Something struck me, though; I realised the snake we caught was much longer than the one I first saw on the corridor or stairs. I wondered if it had grown over the one month it was ‘living’ with us, or was it a new visitor. (I still can’t get the sight of it slithering, out of my head.)
We were pleased with the joint effort of catching it. I say joint, but Markus did the heavy lifting, and I managed the logistics to ensure that Markus could get out and release the snake (in an empty plot next to us). We even named it Sally! 😉
Sally about to have her freedom!
Our happiness lasted three days only! Whilst coming up the stairs after breakfast 3 days later, Markus said, ‘you won’t believe this?!’ I knew immediately that he saw a snake. I was getting ready to go to a function and ran to him with a cloth. Alas, it was too late. It slid away through the gap between the wall and the stairs. We have named it Simon! 😉
As I write this now on a Saturday morning, I am making intermittent trips to the stairs to see if it has come out again so we can give it its freedom. However, Markus is out, and I am not sure I will have the courage to ‘catch and release’ solo.

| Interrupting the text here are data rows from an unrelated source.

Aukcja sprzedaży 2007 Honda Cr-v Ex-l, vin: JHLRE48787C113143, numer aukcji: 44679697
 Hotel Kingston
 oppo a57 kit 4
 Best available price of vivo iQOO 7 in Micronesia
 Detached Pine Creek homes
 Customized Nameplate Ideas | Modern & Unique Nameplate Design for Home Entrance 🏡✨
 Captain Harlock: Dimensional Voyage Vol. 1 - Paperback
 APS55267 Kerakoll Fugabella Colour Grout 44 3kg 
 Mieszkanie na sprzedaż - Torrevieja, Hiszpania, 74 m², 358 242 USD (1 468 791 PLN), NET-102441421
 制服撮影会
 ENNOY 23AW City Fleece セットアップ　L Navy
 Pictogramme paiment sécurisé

I have several questions in my head:
1. Do we have more snakes?
2. Was our home the snake's nest? Did a female snake lay her eggs in our home?
3. Where did it come from? One of our doors has a small gap between the door and the floor, and I have plugged it with a towel. However, seeing the gaps they can slide through, I don’t believe the towel does much.
I am slightly more vigilant again. It’s not doing my chemistry any good. My adrenaline and cortisol levels are higher. I am actively practising calming techniques.
Here are the leadership lessons I learned:
1. We don’t know what we don’t know
It struck Markus and me that we may have had the snakes in our home for a while and were oblivious to it.
In leadership too, we don’t know what we don’t know!
2. We assume a lot
Friends and family had many different reactions to the snakes.
We assume all snakes are threatening, deadly, and out to get us (and are big). We researched snakes and realised that not all snakes are poisonous (in South East Asia), and some never grow to be more than a longer, thicker shoelace.
Clarity and context are key in life and leadership.
3. Differing perspectives are important
I am glad that Markus balanced my viewpoint. If we were both caught in the fight/flight/freeze mode, we would have been ineffective. His perspective helped me look at the bigger picture.
In leadership, this is key. To surround ourselves with people who DO NOT think, act, feel like us, so that we have multiple perspectives on a situation.
So, there you have it, my leadership lessons from the snakes in my home. And though I am a little anxious about the snake or snakes in my home, I reframe and tell myself, ‘I would rather have an uninvited snake than an uninvited human in my home’!